This approach completely isolates users’ browsing activities from enterprise endpoints and networks, thereby providing protection from both known and unknown threats. Any threat risk is moved to the remote server sessions, which can be reset to a known-good state on every new browsing session, tab or page request. Remote browser isolation benefits the user’s overall experience. It enables users to access websites without worrying about downloading malicious webpages even if their browsers are outdated, vulnerable or have insecure plugins installed.
The main disadvantage with remote browser isolation is cost. Pixel pushing is resource-intensive and therefore expensive, and many services are built on centralized foundations that don’t scale, as well as distributed architectures. Remote browser isolation also requires large amounts of bandwidth to avoid latency issues. Document Object Model (DOM) reconstruction is an alternative to pixel pushing. With DOM, a page’s HTML, CSS and scripts are inspected, cleaned and repacked before being forwarded. However, malicious code could reach the endpoint if the threat is not detected and a page’s layout or functionality can also get broken.
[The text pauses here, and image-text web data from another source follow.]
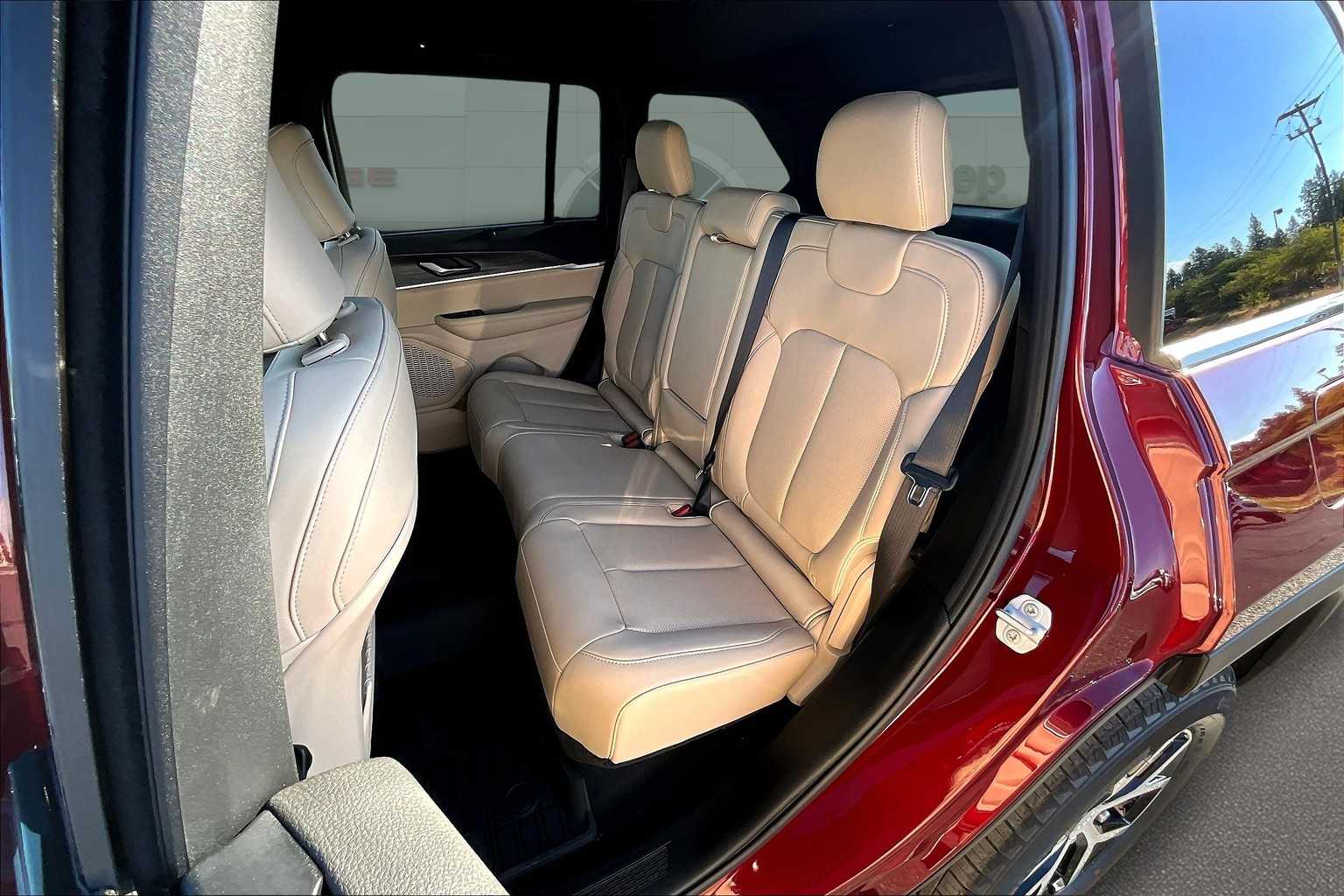 Thumbnail: 2025 Jeep Grand Cherokee - 13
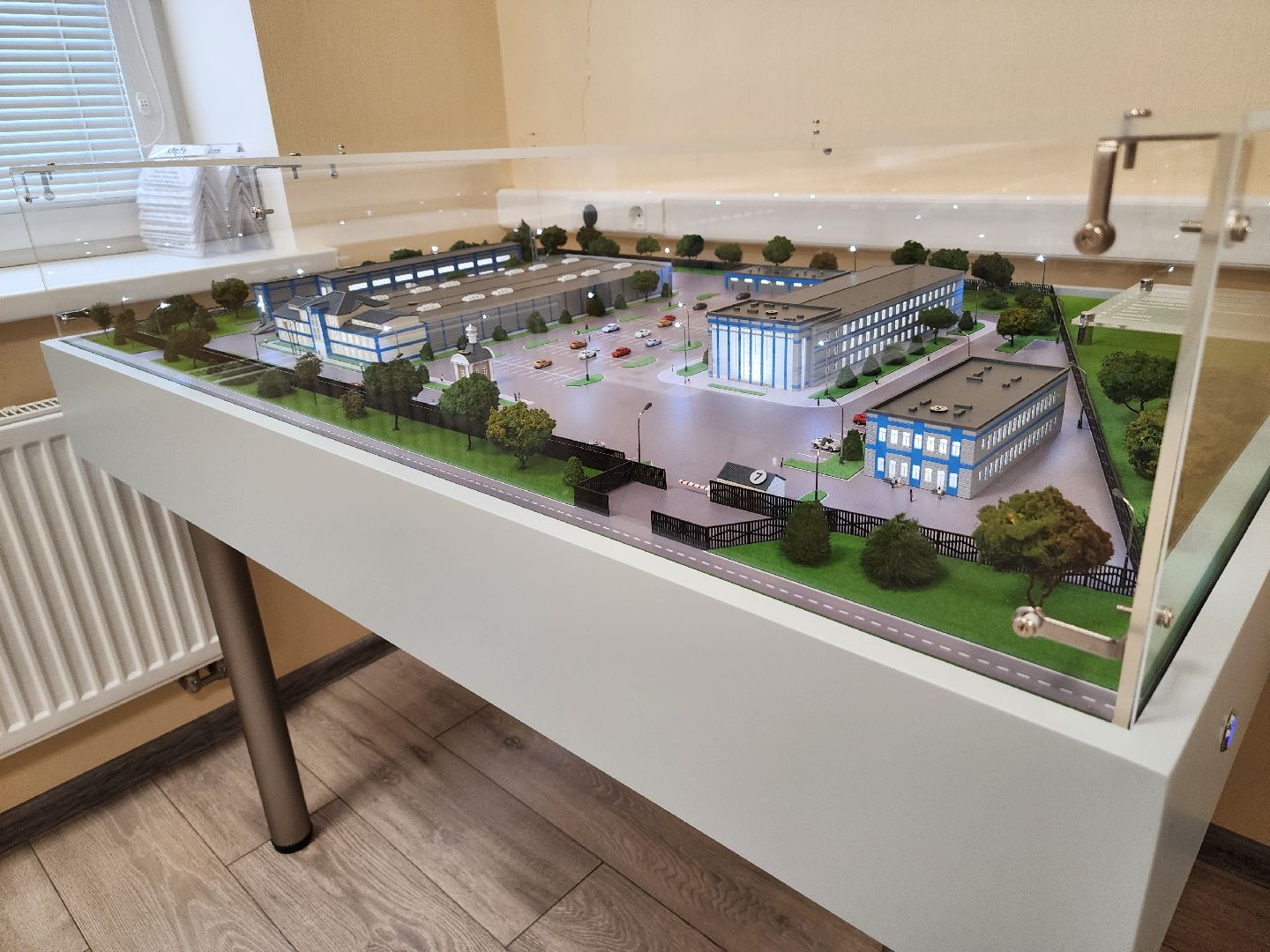 серпухов, институт инженерной физики, улица сиреневая, экскурсия школьников, центр профориентации молодежи, день науки,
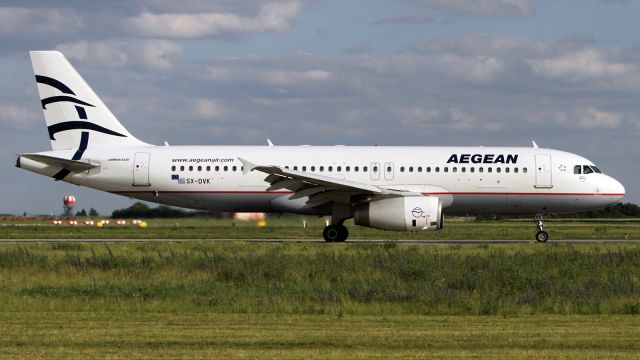 Airbus A320 (SX-DVK)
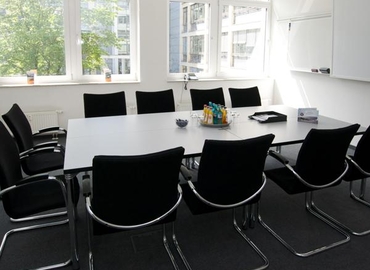 Dornhofstraße 34,  Tagungsraum in Neu-Isenburg, 6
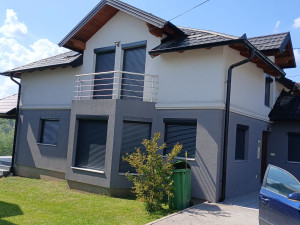 Kuća Puračic Lukavac 230m2 kuca na prodaju Kuća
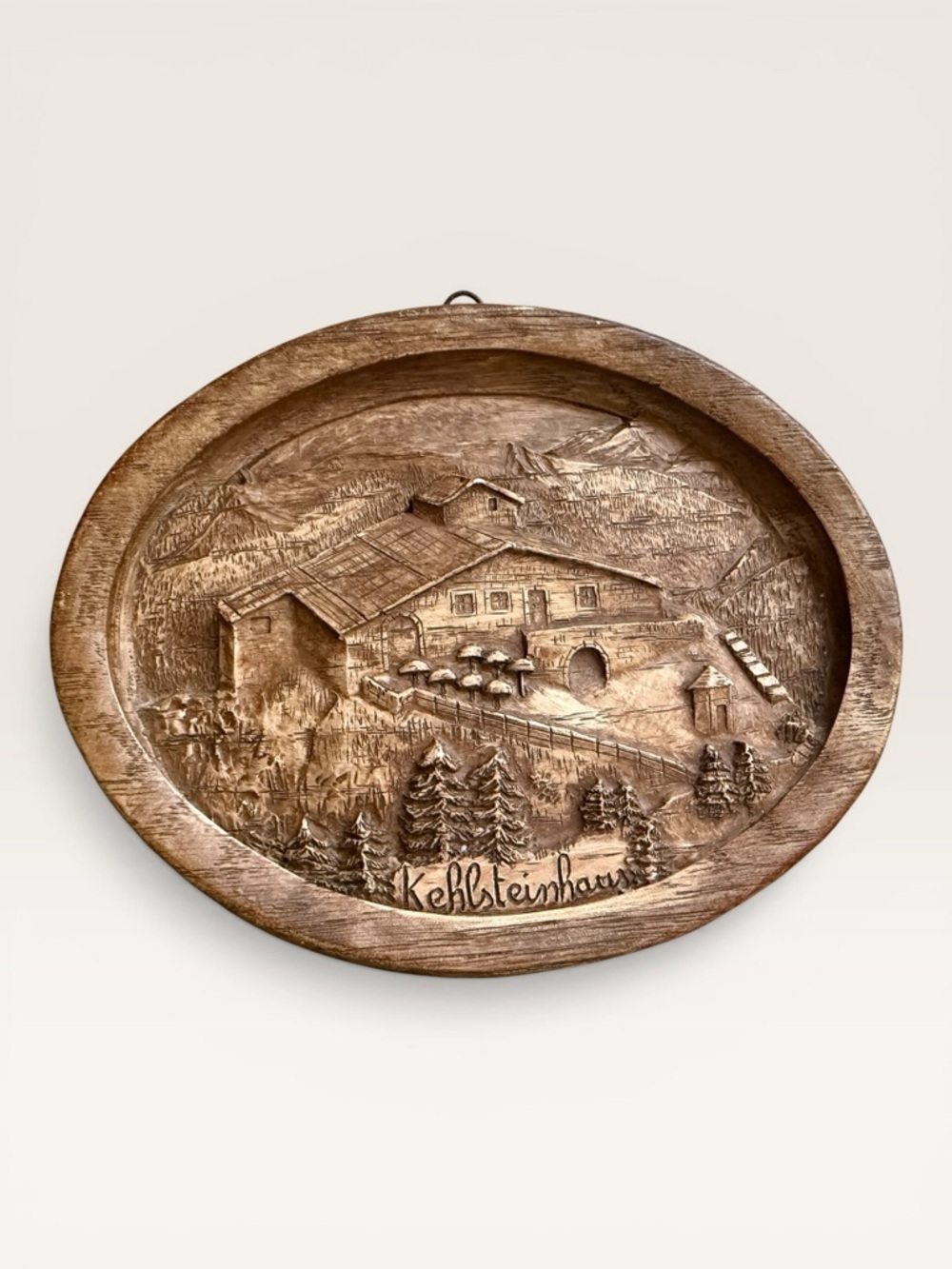 Vintage Souvenir 3D Wood-Resin Composite Wall Plaque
Adopting remote browser isolation can benefit an organization’s overall enterprise cybersecurity strategy as it lets users access the internet, while mitigating some of the inherent risks. As a zero-trust technology, it gives companies an obvious choice in some situations. It takes less time to manage than traditional allowlists and blocklists, especially for those products that don’t require agents to be installed on users’ devices. Costs, meanwhile, can be addressed by, for example, deploying remote browser isolation only to high-risk users and C-level employees.
Before deciding on a service, companies should thoroughly research potential remote isolation vendors and determine how their services are implemented, what their scalability is, and whether they support specific plugins and remote viewers for certain file types.